- **Entries shown**:
───

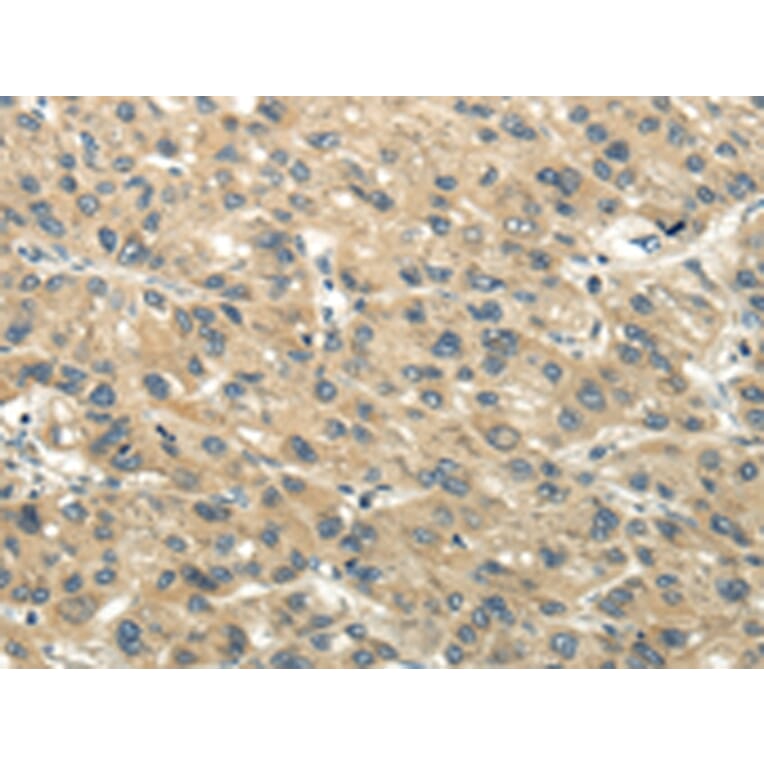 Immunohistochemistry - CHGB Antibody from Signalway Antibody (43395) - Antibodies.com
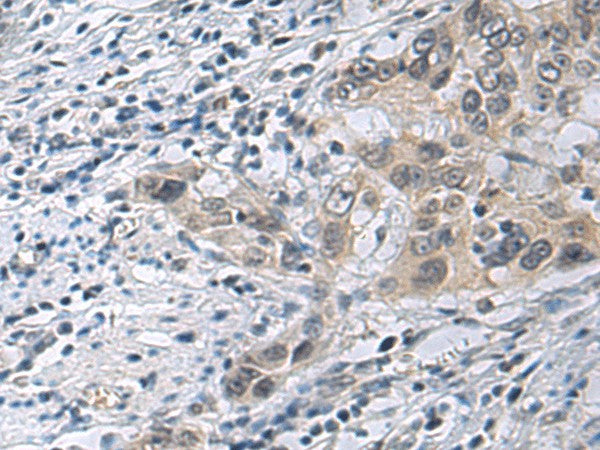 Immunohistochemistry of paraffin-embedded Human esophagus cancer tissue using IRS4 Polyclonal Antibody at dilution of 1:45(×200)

───

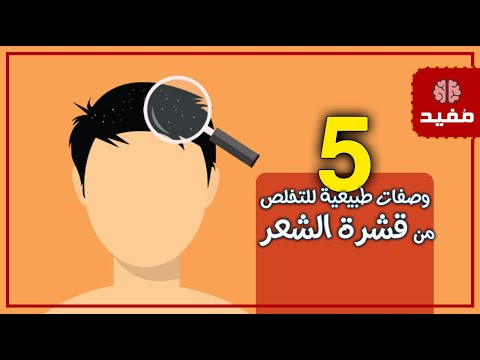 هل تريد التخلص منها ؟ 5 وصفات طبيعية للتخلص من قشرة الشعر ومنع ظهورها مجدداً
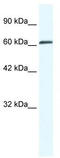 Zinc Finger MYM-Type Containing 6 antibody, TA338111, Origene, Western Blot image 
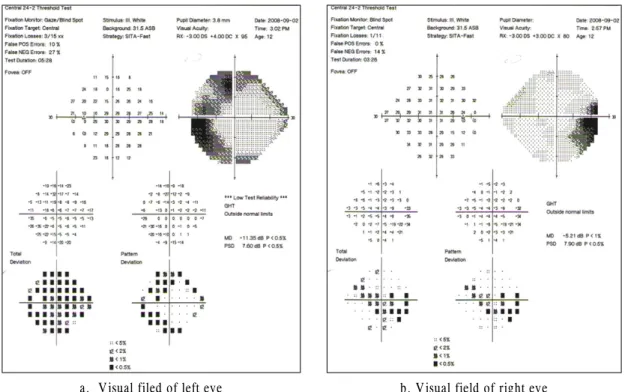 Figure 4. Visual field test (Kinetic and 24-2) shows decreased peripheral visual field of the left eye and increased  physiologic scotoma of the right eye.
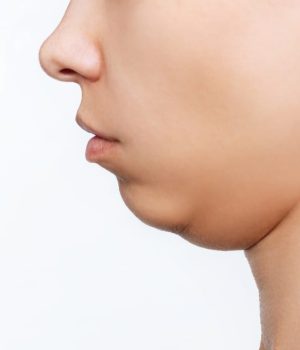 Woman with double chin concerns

───

- **How to complete this task**:
An exact copy is needed. It runs from the line above containing "Immunohistochemistry - CHGB" down to the line containing "Immunohistochemistry of paraffin-embedded", both included, with no pictures.

- **Written solution**:
 Immunohistochemistry - CHGB Antibody from Signalway Antibody (43395) - Antibodies.com
 Immunohistochemistry of paraffin-embedded Human esophagus cancer tissue using IRS4 Polyclonal Antibody at dilution of 1:45(×200)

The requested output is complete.